Short descriptive text snippets:

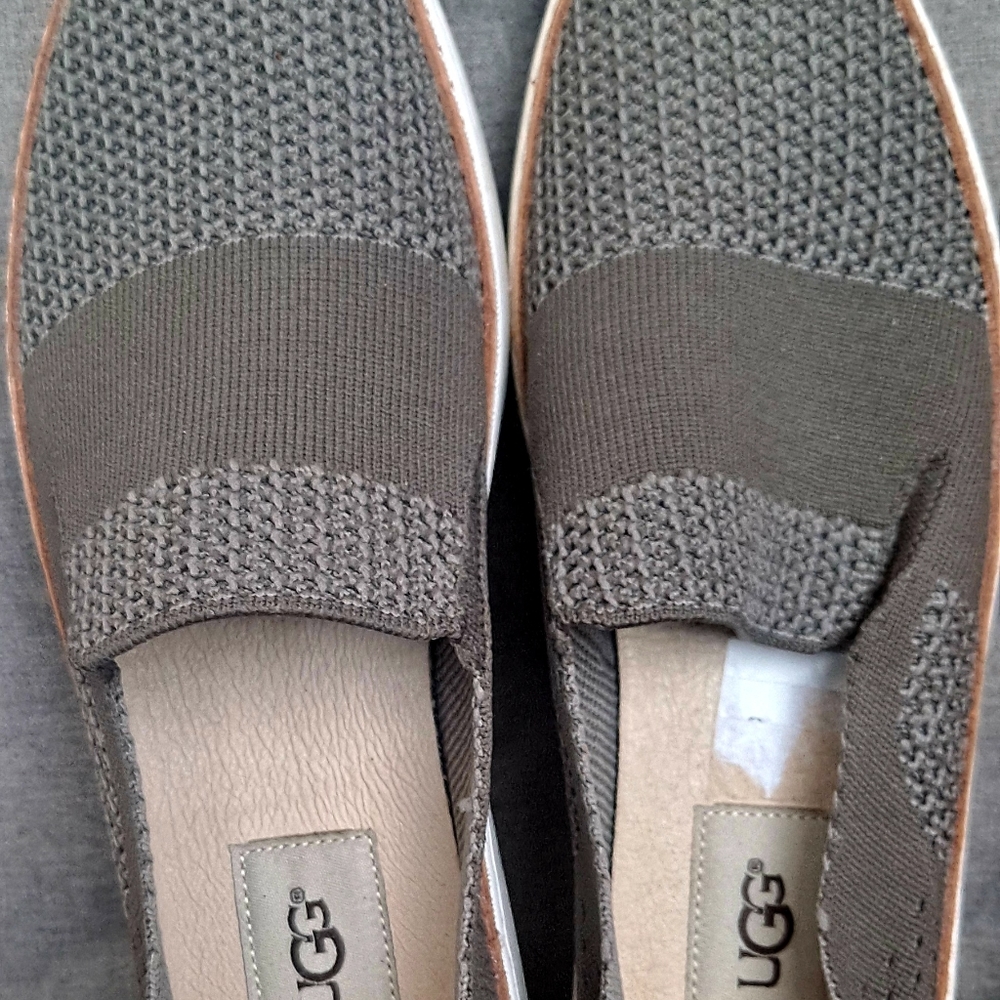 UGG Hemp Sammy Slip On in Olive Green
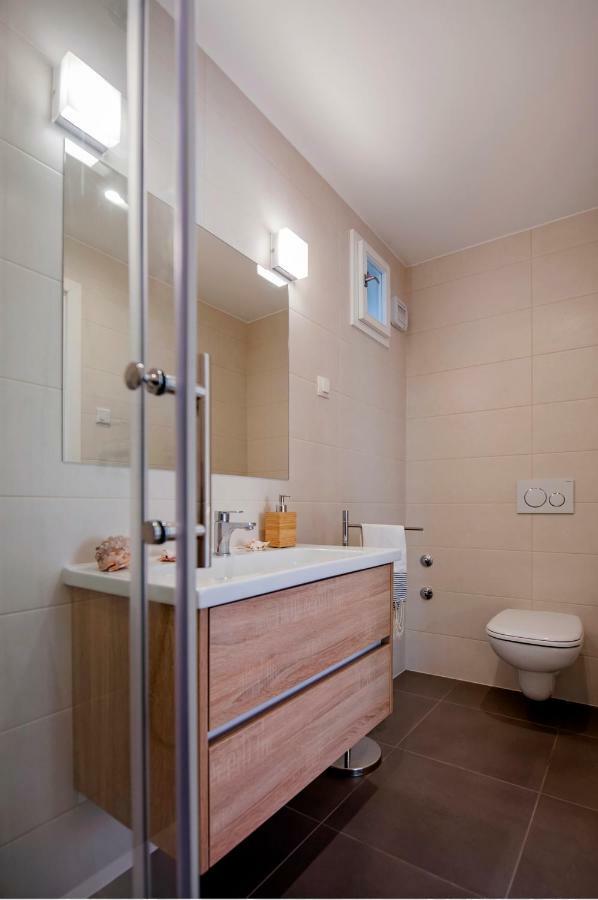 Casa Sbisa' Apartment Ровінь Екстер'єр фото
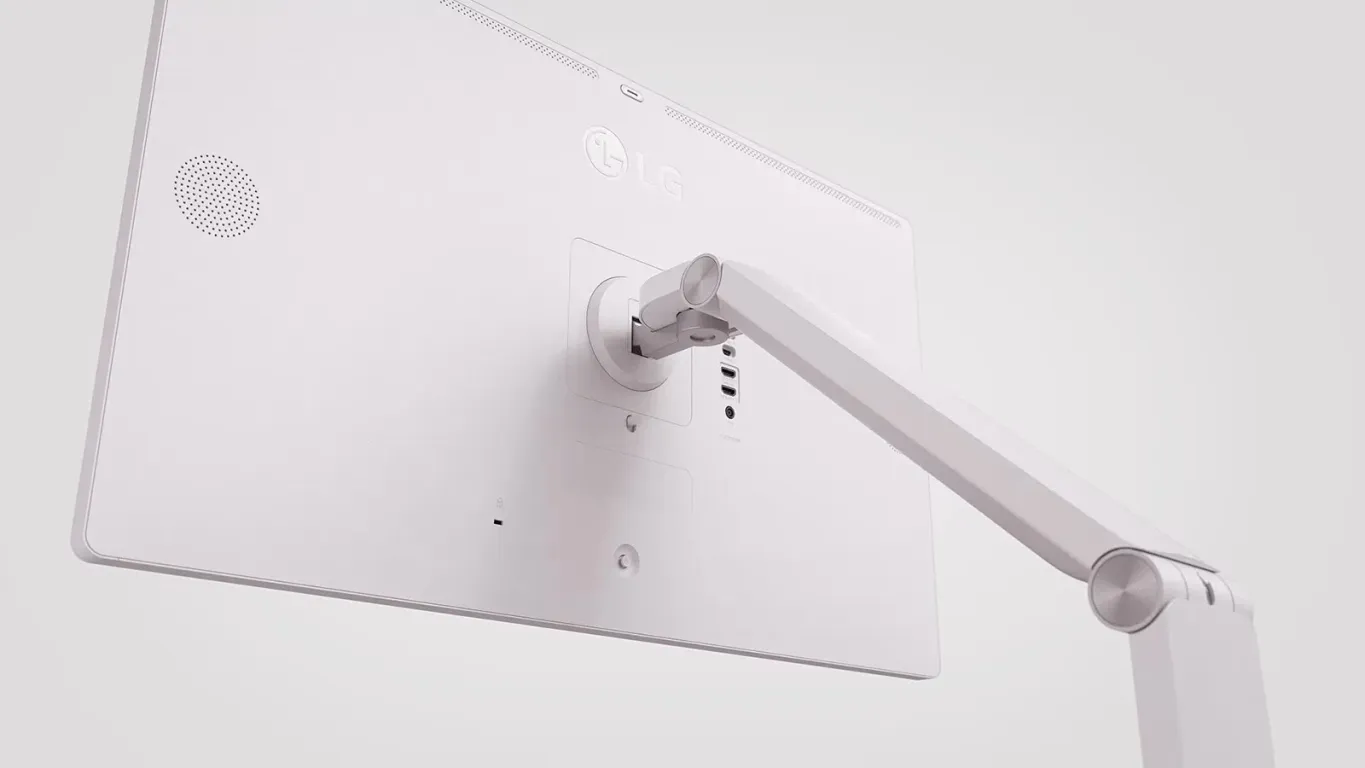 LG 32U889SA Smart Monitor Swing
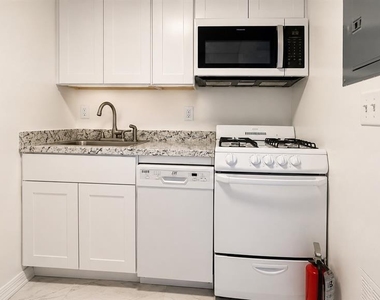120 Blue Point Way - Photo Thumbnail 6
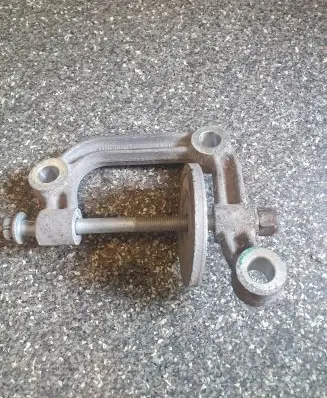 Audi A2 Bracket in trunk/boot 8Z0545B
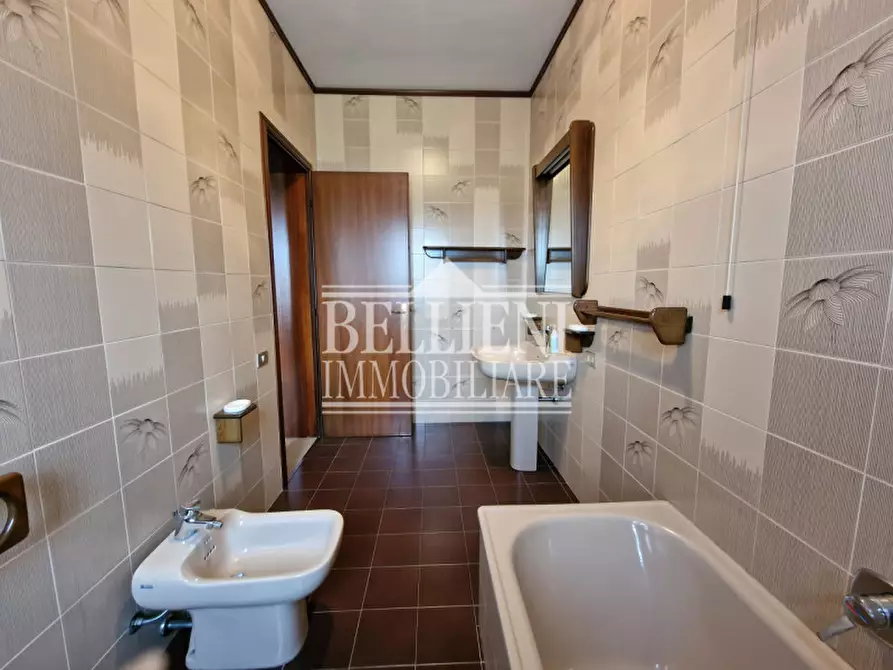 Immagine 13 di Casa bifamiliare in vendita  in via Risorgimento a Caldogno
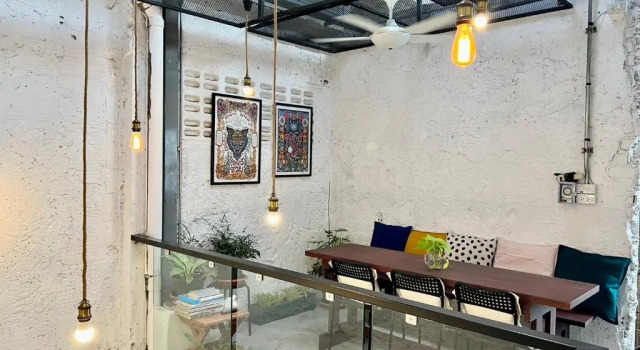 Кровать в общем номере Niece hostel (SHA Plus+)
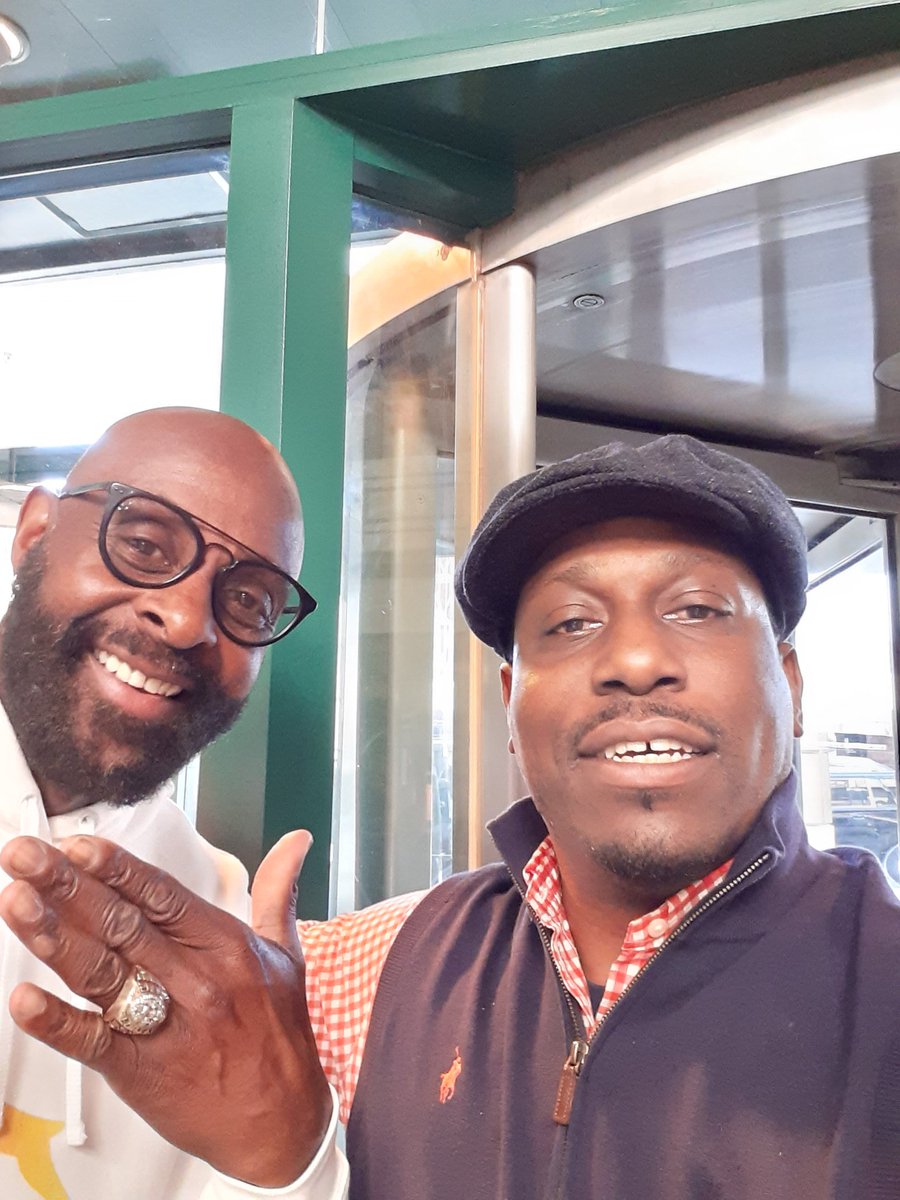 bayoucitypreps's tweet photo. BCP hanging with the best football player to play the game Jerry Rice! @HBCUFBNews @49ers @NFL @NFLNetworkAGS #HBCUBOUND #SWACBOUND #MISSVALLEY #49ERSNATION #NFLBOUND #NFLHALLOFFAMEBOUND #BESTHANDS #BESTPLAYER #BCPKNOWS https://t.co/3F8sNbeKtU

TASK BRIEF >> Word for word, return all the entries and skip their pictures.

RESPONSE FOR THIS EXERCISE >>
 UGG Hemp Sammy Slip On in Olive Green
 Casa Sbisa' Apartment Ровінь Екстер'єр фото
 LG 32U889SA Smart Monitor Swing
120 Blue Point Way - Photo Thumbnail 6
 Audi A2 Bracket in trunk/boot 8Z0545B
 Immagine 13 di Casa bifamiliare in vendita  in via Risorgimento a Caldogno
 Кровать в общем номере Niece hostel (SHA Plus+)
 bayoucitypreps's tweet photo. BCP hanging with the best football player to play the game Jerry Rice! @HBCUFBNews @49ers @NFL @NFLNetworkAGS #HBCUBOUND #SWACBOUND #MISSVALLEY #49ERSNATION #NFLBOUND #NFLHALLOFFAMEBOUND #BESTHANDS #BESTPLAYER #BCPKNOWS https://t.co/3F8sNbeKtU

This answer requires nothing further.